The propositional modal logics $T$, $B$, $S4$ and $S5$ are related as follows: $T$ has the fewest theorems, $S5$ has the most, $B$ and $S4$ are intermediate between $T$ and $S5$, but they are incomparable. I have two questions about this partial order. First, is the intersection of $B$ and $S4$ equal to $T$? That is, is the set of theorems of $T$ precisely the set of theorems which are common to $B$ and $S4$? And second, is the union of $B$ and $S4$ equal to $S5$? That is, is the set of theorems of $S5$ precisely the set of theorems which belong in either $B$ or $S4$? If either of those questions have a negative answer, I would like a specific counterexample, meaning a modal logic formula that is in one of the sets but not in the other.

Answer 1

Both your questions have negative answers (although the first has an almost-positive answer).

Below I'll write $[X]$ for the deductive closure of $X$.

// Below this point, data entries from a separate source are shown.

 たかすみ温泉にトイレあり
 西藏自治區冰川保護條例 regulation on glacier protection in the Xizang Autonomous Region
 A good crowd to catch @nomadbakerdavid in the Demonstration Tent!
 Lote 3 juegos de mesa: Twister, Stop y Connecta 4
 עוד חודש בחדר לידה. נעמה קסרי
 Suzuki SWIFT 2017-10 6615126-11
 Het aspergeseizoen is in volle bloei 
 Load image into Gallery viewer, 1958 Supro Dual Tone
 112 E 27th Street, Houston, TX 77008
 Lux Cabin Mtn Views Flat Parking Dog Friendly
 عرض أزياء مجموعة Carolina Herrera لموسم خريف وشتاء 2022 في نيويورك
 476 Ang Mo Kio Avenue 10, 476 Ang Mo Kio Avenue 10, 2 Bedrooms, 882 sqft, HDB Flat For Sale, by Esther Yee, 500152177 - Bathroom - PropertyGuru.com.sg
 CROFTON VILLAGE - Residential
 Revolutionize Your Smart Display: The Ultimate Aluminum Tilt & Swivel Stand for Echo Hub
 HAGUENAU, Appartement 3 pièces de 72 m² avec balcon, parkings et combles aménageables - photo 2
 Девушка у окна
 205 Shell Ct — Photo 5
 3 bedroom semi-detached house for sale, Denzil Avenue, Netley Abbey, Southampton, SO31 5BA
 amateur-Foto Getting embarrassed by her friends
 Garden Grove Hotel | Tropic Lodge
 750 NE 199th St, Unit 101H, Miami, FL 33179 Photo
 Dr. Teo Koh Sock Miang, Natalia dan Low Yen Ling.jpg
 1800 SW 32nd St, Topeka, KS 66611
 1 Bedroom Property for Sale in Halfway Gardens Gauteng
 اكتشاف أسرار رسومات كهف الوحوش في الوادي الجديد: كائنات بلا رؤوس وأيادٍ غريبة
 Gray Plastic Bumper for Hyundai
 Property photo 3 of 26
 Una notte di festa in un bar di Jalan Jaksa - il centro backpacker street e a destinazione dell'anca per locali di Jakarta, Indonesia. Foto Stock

The defining sentence of $S_5$, namely $$\Diamond p\rightarrow\Box\Diamond p,$$ is not in $S_4$ or $B$. On the other hand, this is a near thing: the frames validating $B\cup S_4$ are exactly the frames validating $S_5$, and so the appropriate completeness theorem (actually, there are several we could use here) says that $S_5$ is contained in $[S_4\cup B]$. In particular, in the lattice of deductively closed modal theories, $S_5$ is the least upper bound of $S_4$ and $B$.

Meanwhile, $[B]\cap [S_4]$ is trivially deductively closed, but it is also larger than $T$. Keep in mind that if $B\vdash\varphi$ and $S_4\vdash\psi$ then $[B]\cap [S_4]\vdash\varphi\vee\psi$, and this lets us build lots of counterexamples. For example, most obviously we can use the sentence $$(\Box p\rightarrow\Box\Box p)\vee (\Box p\rightarrow\Diamond p),$$ which is just the disjunction of the defining sentences of $S_4$ and $B$ respectively.